I know that my interpretation of what is noise is probably incomplete, feel free to contribute in order to
improve or rewrite it.
*Coherence :* For each language there is on earth, we have computed ranked letter appearance occurrences (the best we can). So I thought
that intel is worth something here. So I use those records against decoded text to check if I can detect intelligent design.
## ⚡ Known limitations
- Language detection is unreliable when text contains two or more languages sharing identical letters. (eg. HTML (english tags) + Turkish content (Sharing Latin characters))
- Every charset detector heavily depends on sufficient content. In common cases, do not bother run detection on very tiny content.
## ⚠️ About Python EOLs
**If you are running:**
- Python >=2.7,<3.5: Unsupported
- Python 3.5: charset-normalizer < 2.1
- Python 3.6: charset-normalizer < 3.1
- Python 3.7: charset-normalizer < 4.0
Upgrade your Python interpreter as soon as possible.
## 👤 Contributing
Contributions, issues and feature requests are very much welcome.<br />
Feel free to check [issues page](https://github.com/ousret/charset_normalizer/issues) if you want to contribute.
## 📝 License
Copyright © [Ahmed TAHRI @Ousret](https://github.com/Ousret).<br />
This project is [MIT](https://github.com/Ousret/charset_normalizer/blob/master/LICENSE) licensed.

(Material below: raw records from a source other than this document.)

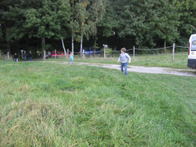 &copy; Zierfischfreunde Immenhausen-Holzhausen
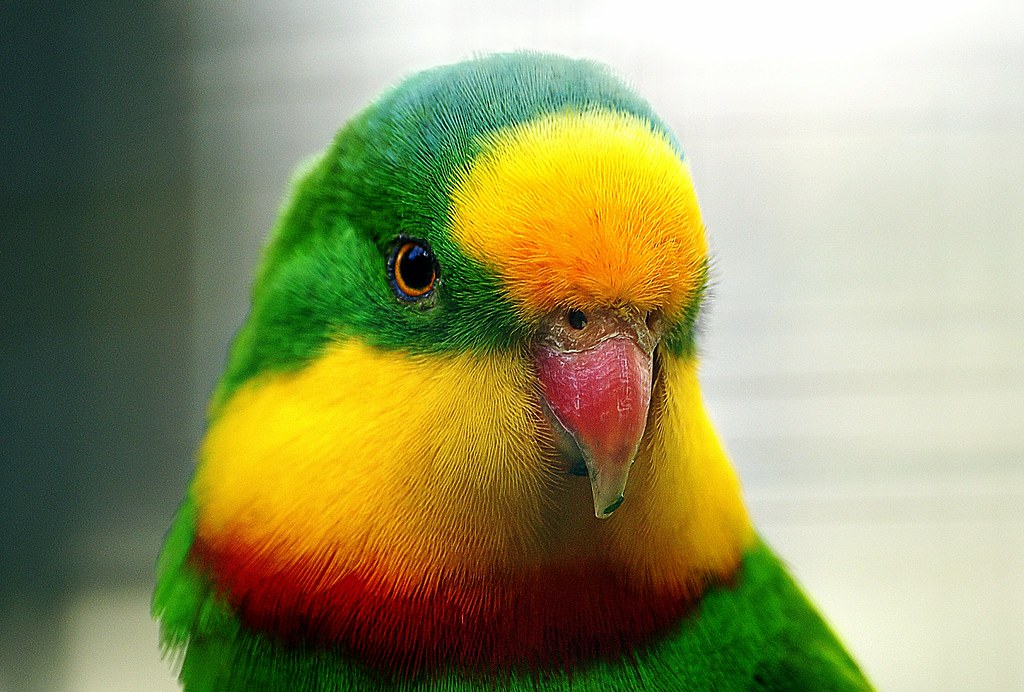 "The Superb Parrot" by Bernard Spragg is marked with CC0 1.0. To view the terms, visit https://creativecommons.org/publicdomain/zero/1.0/?ref=openverse.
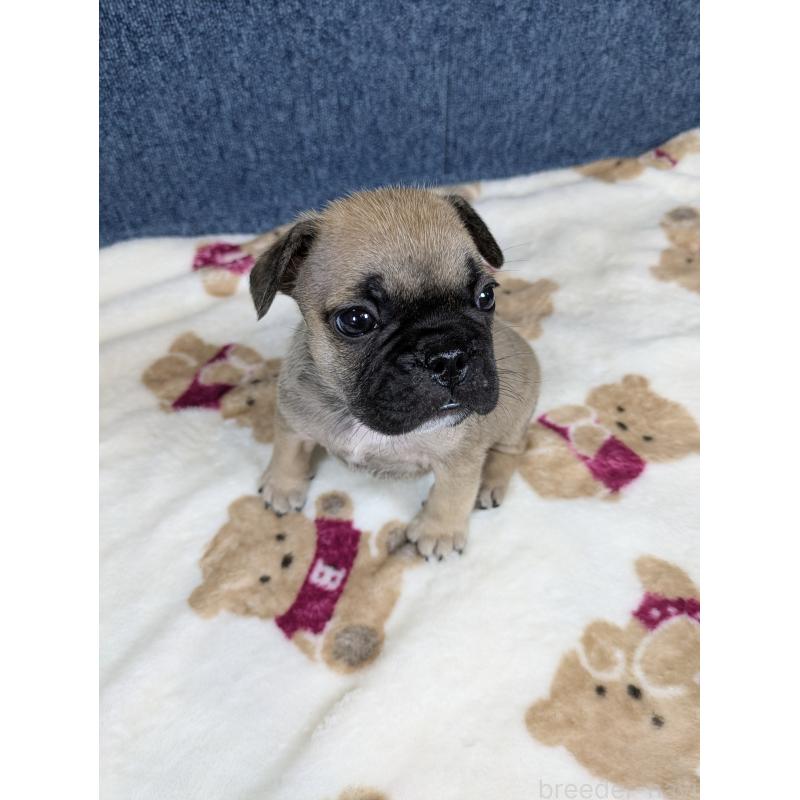 販売中の広島県のフレンチブルドッグ-453199の3枚目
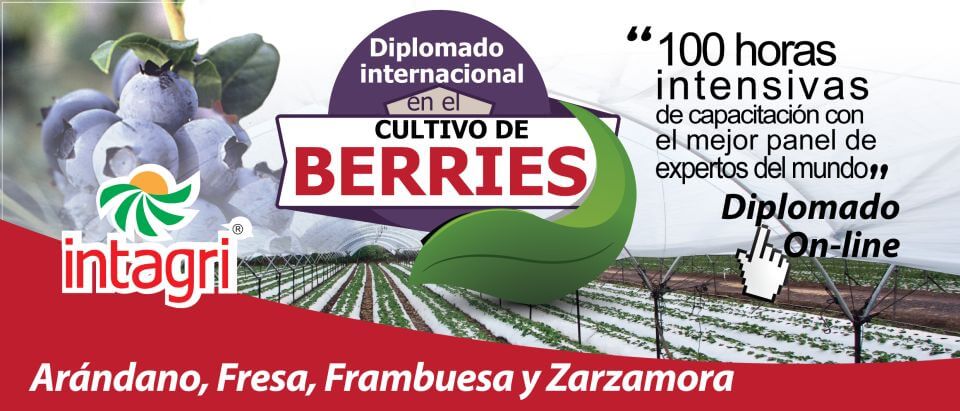 Diplomado Berries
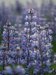 Lupin in Thingeyri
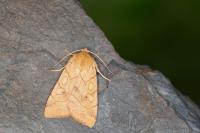 Enargia paleacea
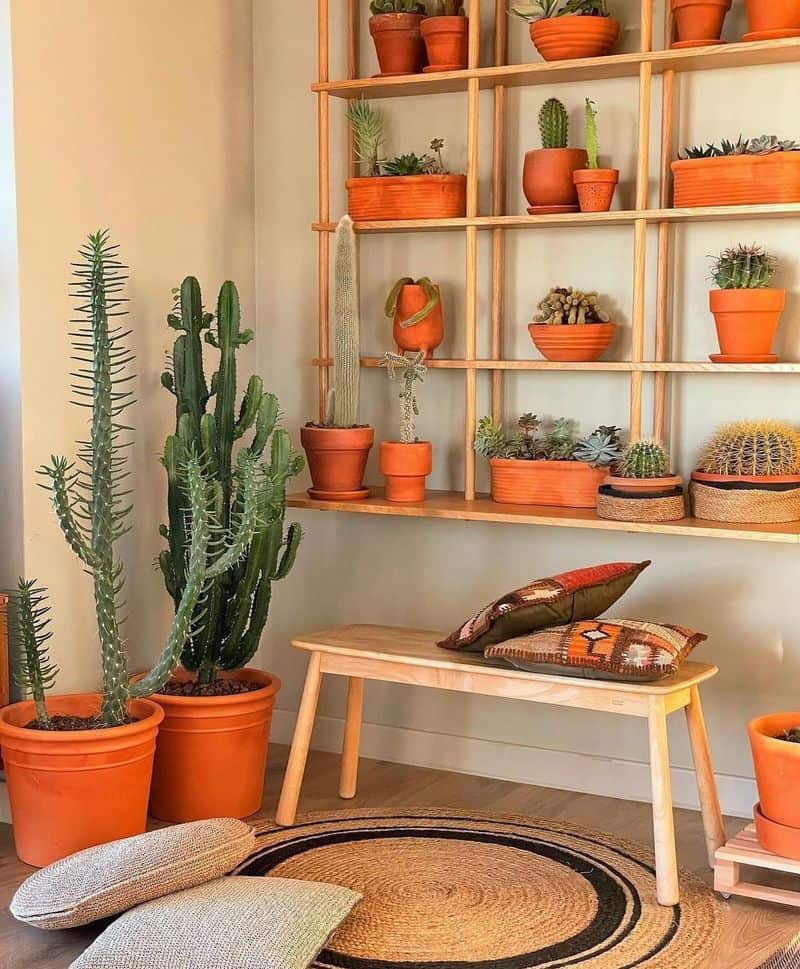 Indoor Plants in Terracotta Pots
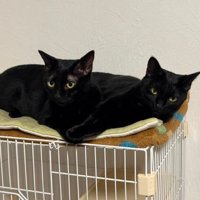 室内にいる猫たち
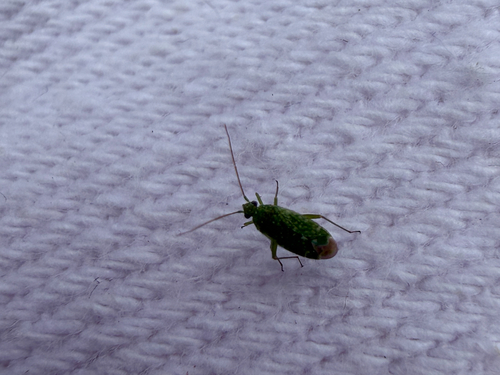 Plant bug (Orthotylus flavosparsus) photo 3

Characters frequencies used in this project © 2012 [Denny Vrandečić](http://simia.net/letters/)
## 💼 For Enterprise
Professional support for charset-normalizer is available as part of the [Tidelift
Subscription][1]. Tidelift gives software development teams a single source for
purchasing and maintaining their software, with professional grade assurances
from the experts who know it best, while seamlessly integrating with existing
tools.
[1]: https://tidelift.com/subscription/pkg/pypi-charset-normalizer?utm_source=pypi-charset-normalizer&utm_medium=readme
[![OpenSSF Best Practices](https://www.bestpractices.dev/projects/7297/badge)](https://www.bestpractices.dev/projects/7297)
# Changelog
All notable changes to charset-normalizer will be documented in this file. This project adheres to [Semantic Versioning](https://semver.org/spec/v2.0.0.html).
The format is based on [Keep a Changelog](https://keepachangelog.com/en/1.0.0/).

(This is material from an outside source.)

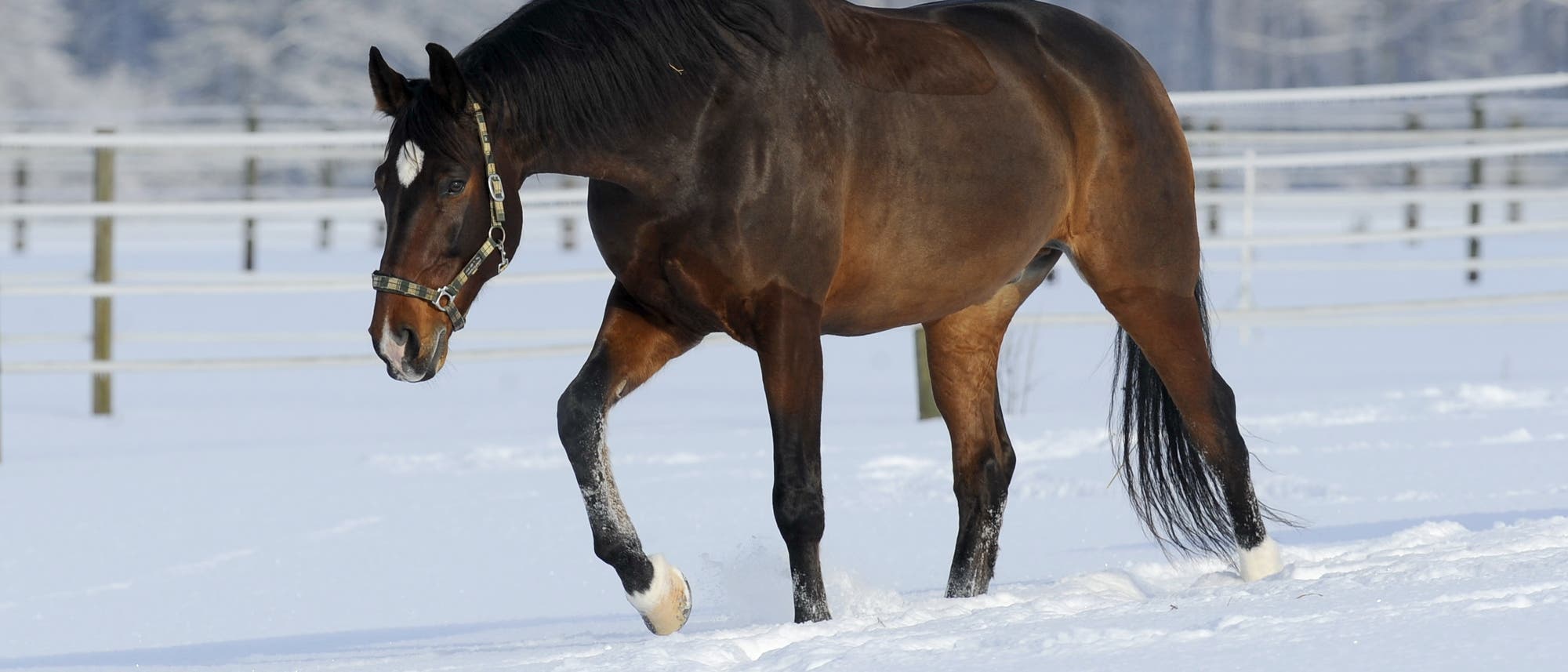 Ein Pferd auf der verschneiten Weide Ein Pferd auf der verschneiten Weide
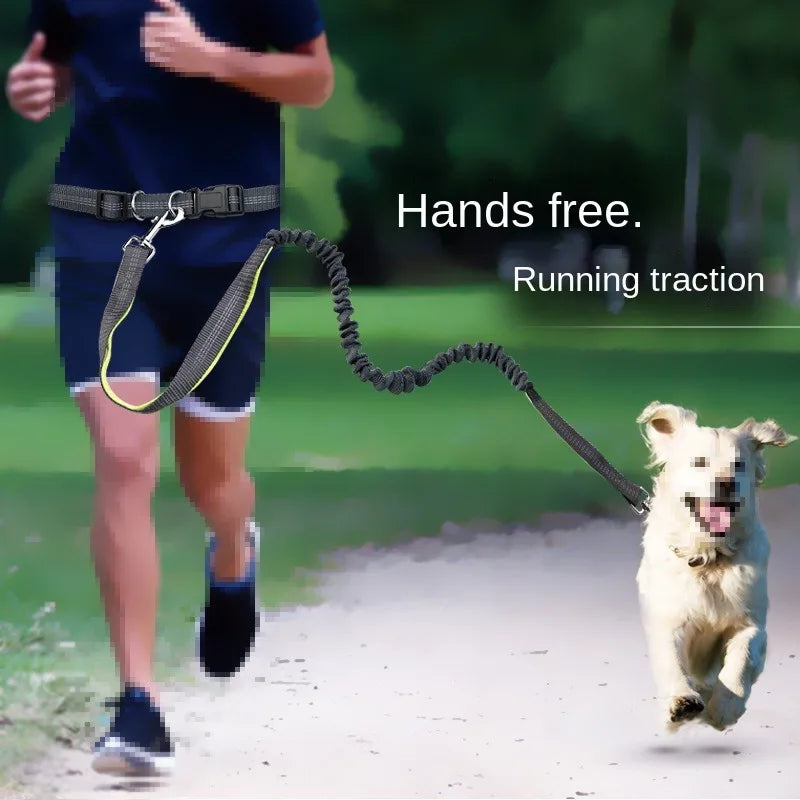 Hands-Free Running Leash – Run, Walk, Play, Repeat - Pet Bliss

## [3.4.4](https://github.com/Ousret/charset_normalizer/compare/3.4.2...3.4.4) (2025-10-13)
### Changed
- Bound `setuptools` to a specific constraint `setuptools>=68,<=81`.

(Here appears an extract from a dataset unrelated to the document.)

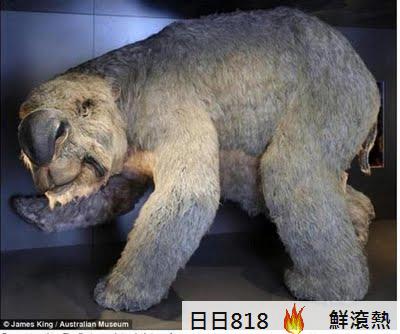 史前巨獸 袋熊(史前巨獸 雙門齒袋熊)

- Raised upper bound of mypyc for the optional pre-built extension to v1.18.2
### Removed
- `setuptools-scm` as a build dependency.
### Misc
- Enforced hashes in `dev-requirements.txt` and created `ci-requirements.txt` for security purposes.
- Additional pre-built wheels for riscv64, s390x, and armv7l architectures.
- Restore ` multiple.intoto.jsonl` in GitHub releases in addition to individual attestation file per wheel.
## [3.4.3](https://github.com/Ousret/charset_normalizer/compare/3.4.2...3.4.3) (2025-08-09)
### Changed
- mypy(c) is no longer a required dependency at build time if `CHARSET_NORMALIZER_USE_MYPYC` isn't set to `1`. (#595) (#583)
- automatically lower confidence on small bytes samples that are not Unicode in `detect` output legacy function. (#391)
### Added
- Custom build backend to overcome inability to mark mypy as an optional dependency in the build phase.
- Support for Python 3.14
### Fixed
- sdist archive contained useless directories.
- automatically fallback on valid UTF-16 or UTF-32 even if the md says it's noisy. (#633)
### Misc
- SBOM are automatically published to the relevant GitHub release to comply with regulatory changes.
Each published wheel comes with its SBOM. We choose CycloneDX as the format.
- Prebuilt optimized wheel are no longer distributed by default for CPython 3.7 due to a change in cibuildwheel.
## [3.4.2](https://github.com/Ousret/charset_normalizer/compare/3.4.1...3.4.2) (2025-05-02)
### Fixed
- Addressed the DeprecationWarning in our CLI regarding `argparse.FileType` by backporting the target class into the package. (#591)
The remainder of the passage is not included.